I still like to play cards. And I play a lot of games with youth, whether on mission trips, retreats, or campouts. Lately, I’ve been getting a fearsome reputation as a Hearts player. My younger opponents want to know why I win so often.
Well, this is not the time or place for a seminar in card-playing strategy. But with Hearts, there is one significant choice to be made: Are you going to play to win,
or are you going to play not to lose?
You see, in Hearts, the low score wins. Points are bad. You want other people to get points. You get points for taking tricks with Hearts in them, or by taking the Queen of Spades in a trick; she’s worth 13 points in herself, whereas all the other Hearts are just worth one point apiece. So most people attempt to arrange their hand in such a way as to avoid taking tricks. If you never take a trick, you never take any points, right?
But just dodging and weaving, trying to avoid bad stuff, is not a winning strategy. If you’re playing to win, you have to take tricks as well as avoid them. You want to dictate who gets the points, and that means you have to control when and how certain cards get played. And since the fastest way to give points to other players is to take all 26 points yourself (in which case you get zero and they all get 26), you need to think about how to take all the tricks with points in them (called “shooting the moon”).
A high-risk strategy can backfire, of course. Being willing to take points means sometimes you take a lot
of them. But as a general rule, you can’t count on stumbling into a win because other people messed up more. The way to win is to control the game, and that means you have to lead. And be willing to accept failure as well as success.

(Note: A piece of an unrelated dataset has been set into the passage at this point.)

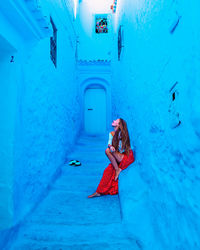 Girl with a cat sitting on a street of the blue city chefchaouen in morocco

There’s a lot of people playing the church game who are playing it not to lose. They’re afraid of playing to win. Oh, they’d like to win. They’d like to see the church grow, they’d like to accomplish big things — but they’re afraid of failing, or of making people mad, or of getting stuck in the lead. They don’t want the responsibility. And so, of course, they rarely win. But there’s another name for not winning. It’s called “losing.”
Things don’t stay the same if you refuse to try. They get worse. Sometimes slowly, sometimes swiftly. But if you’re not winning, then you’re losing. Me, I’m playing to win. How about you?
Do you not know that in a race all the runners compete, but only one receives the prize? So run that you may obtain it (1 Corinthians 9:24).